Task item:
Lines from the one containing "lace & beads" through the last line of the records below need to be repeated exactly; nothing else, and no pictures.

Records supplied Block Start

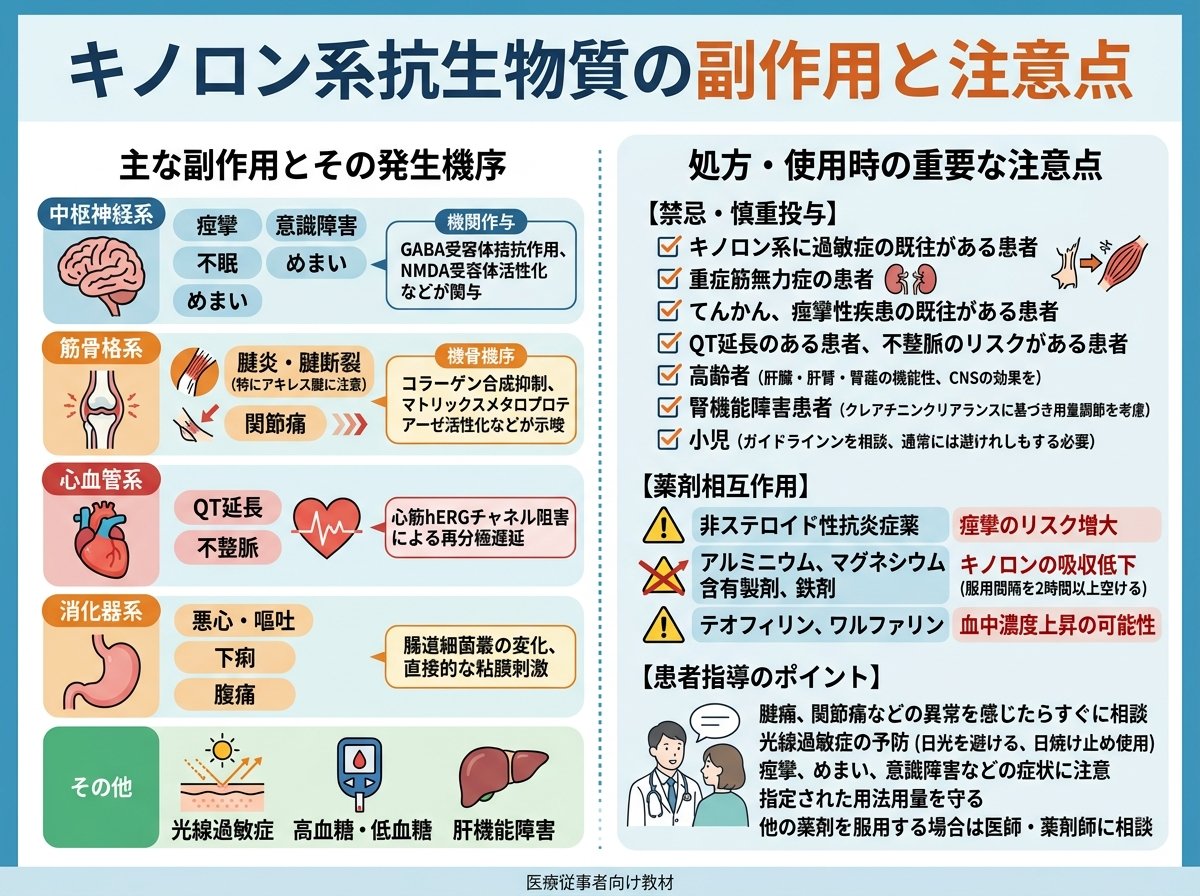 キノロン系抗生物質の副作用と注意点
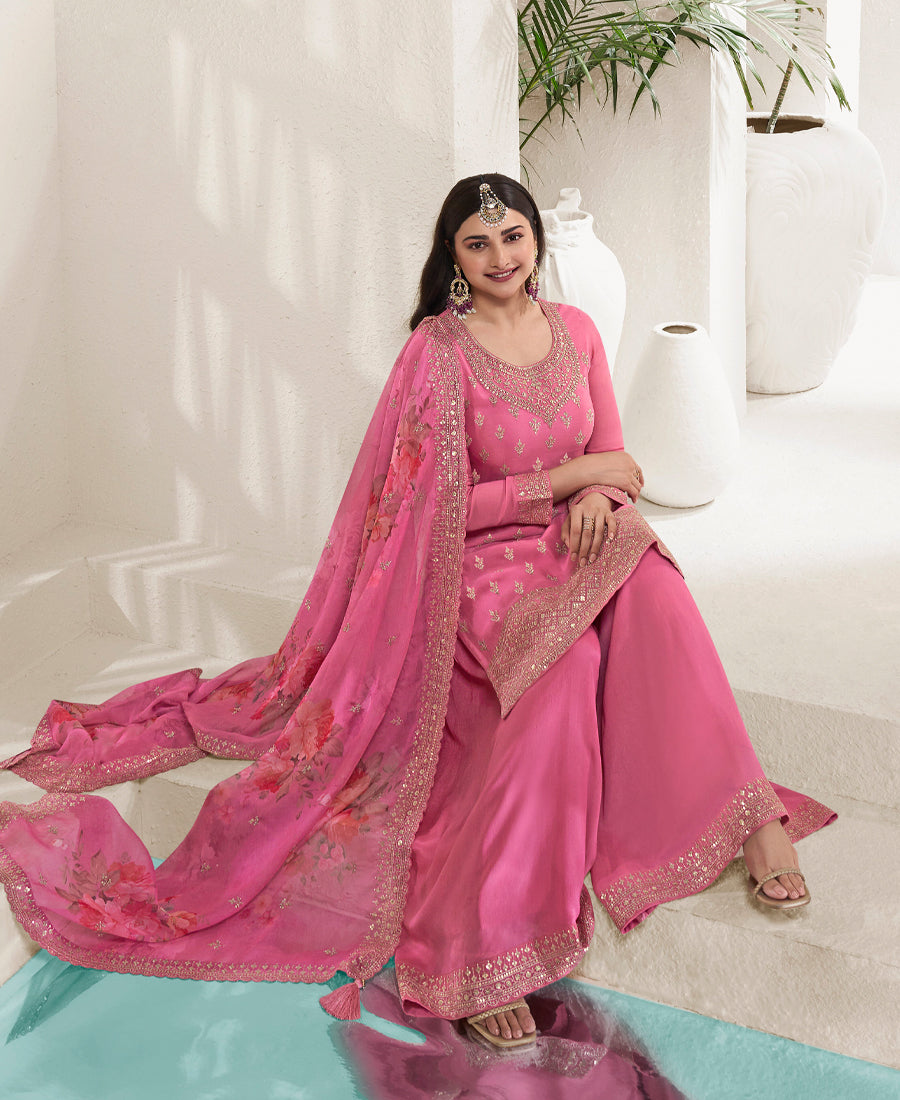Designer Pink Chifon Straight Suit For Women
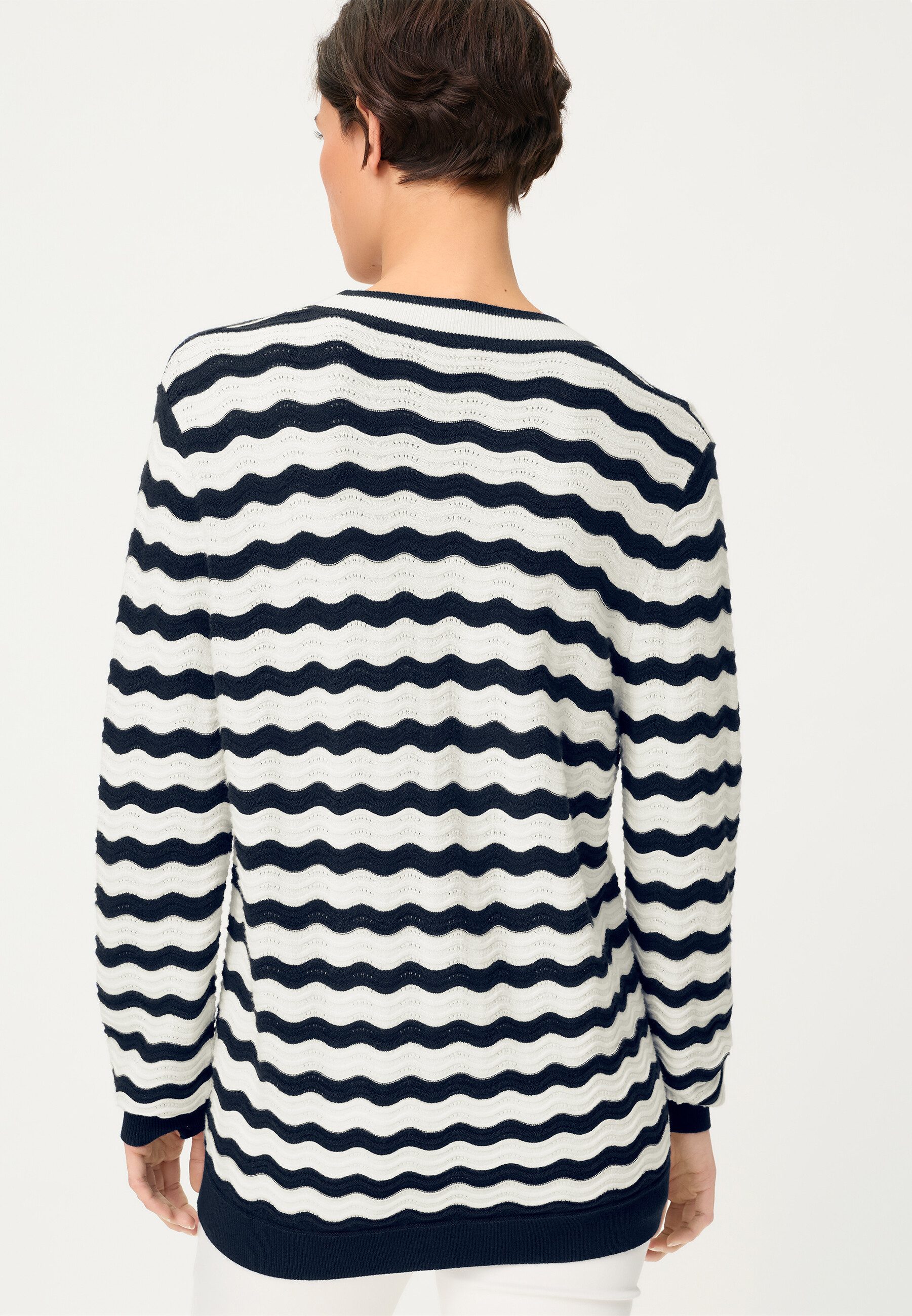 Olsen Strickpullover Pullover mit V-Ausschnitt und modernem Allover-Dessin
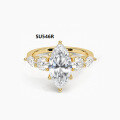 wholesale S925 Sterling Gold Plated Moissanite 1 Carat Heart Shape Engagement Ring with Certificate Cross-Border-0-3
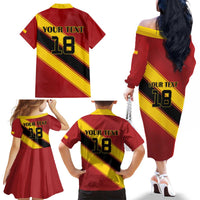 Custom Spain Football Family Matching Off The Shoulder Long Sleeve Dress and Hawaiian Shirt Come On La Roja Sporty Style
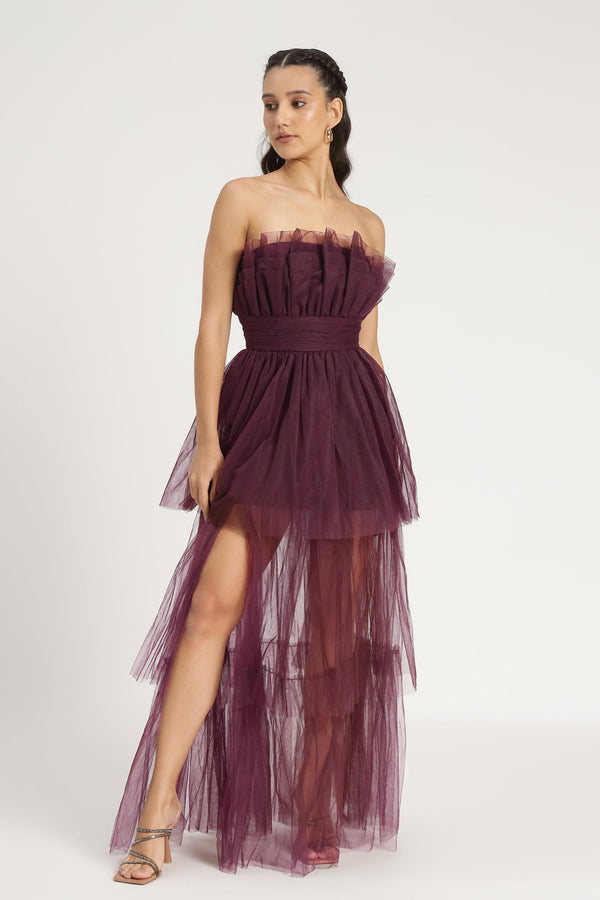 lace & beads Natalia Tulle Maxi Dress in Plum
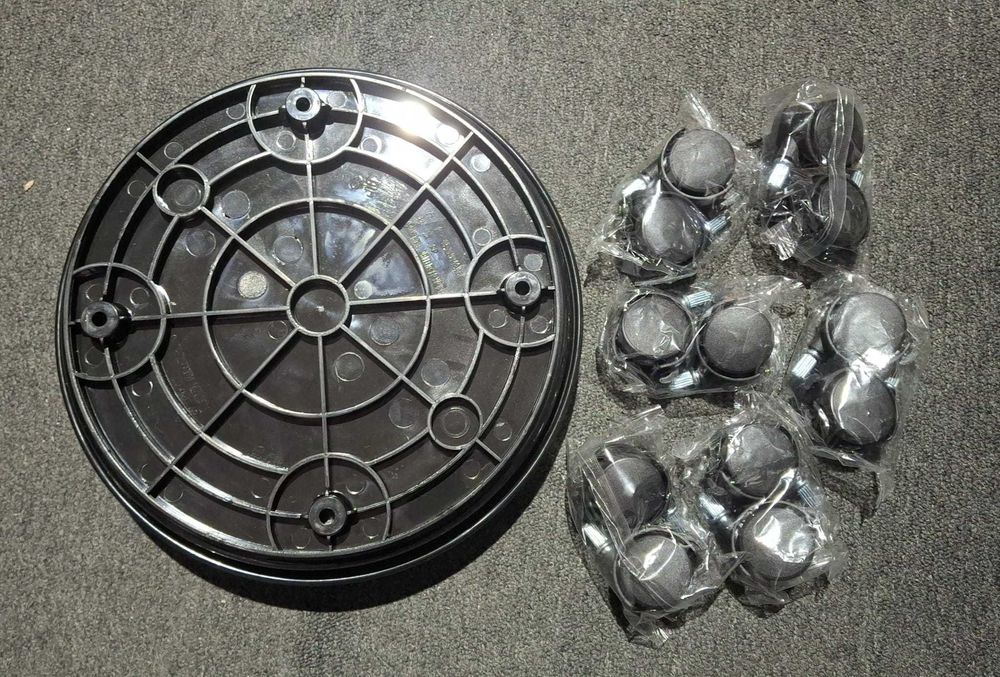 Set 3 suporturi ghivece cu roti Circloophs, plastic rezistent, 30cm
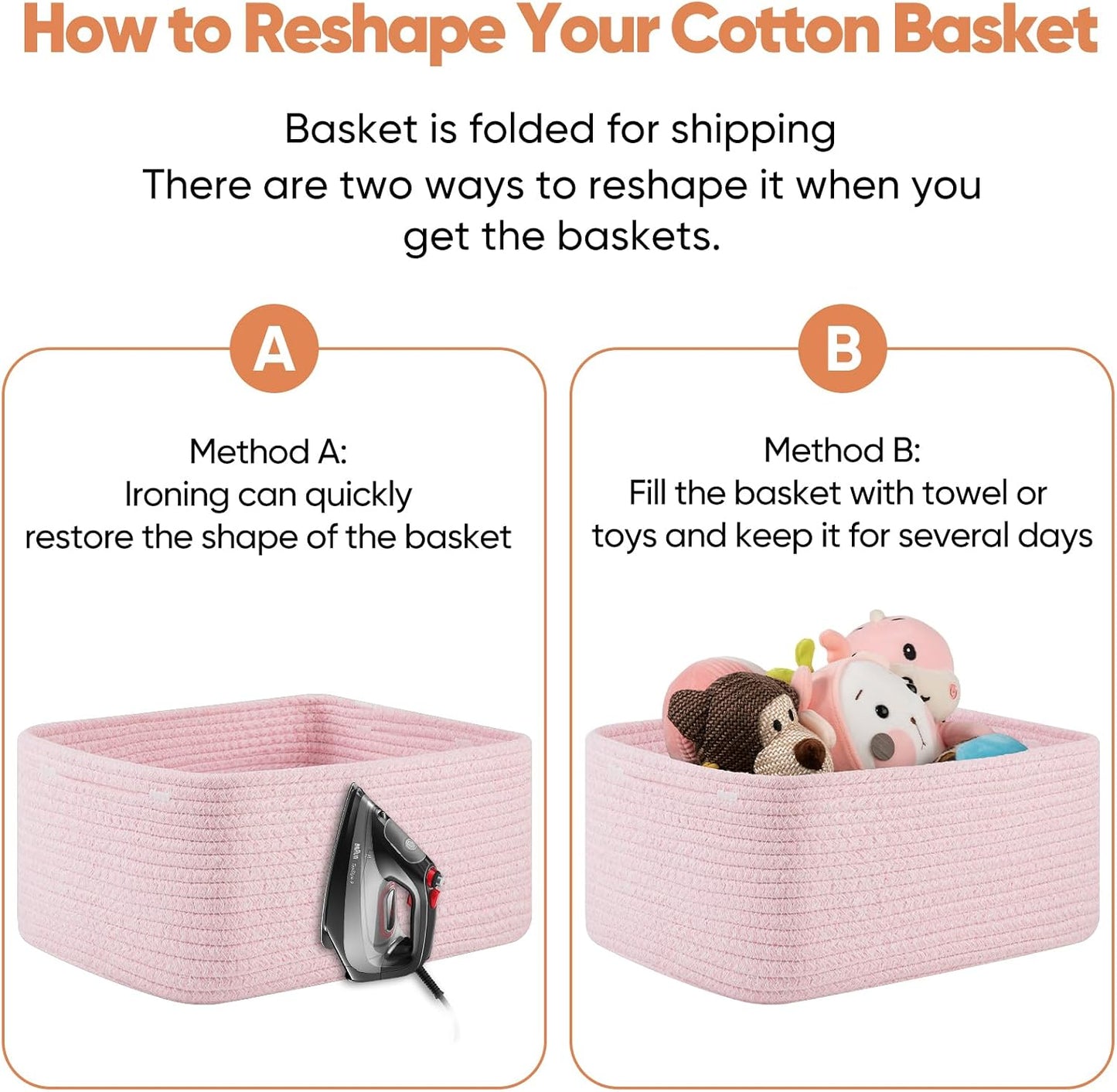 OIAHOMY 4 Pack 14.17 * 11.02 * 6.3IN Storage Baskets for Organizing Shelves, Woven Rope Baskets for Organizing Books, Clothes, Decorative Basket for Living Room, Nursery, Bedroom, Gift Basket, Pink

Records supplied Block End

Task response:
 lace & beads Natalia Tulle Maxi Dress in Plum
 Set 3 suporturi ghivece cu roti Circloophs, plastic rezistent, 30cm
 OIAHOMY 4 Pack 14.17 * 11.02 * 6.3IN Storage Baskets for Organizing Shelves, Woven Rope Baskets for Organizing Books, Clothes, Decorative Basket for Living Room, Nursery, Bedroom, Gift Basket, Pink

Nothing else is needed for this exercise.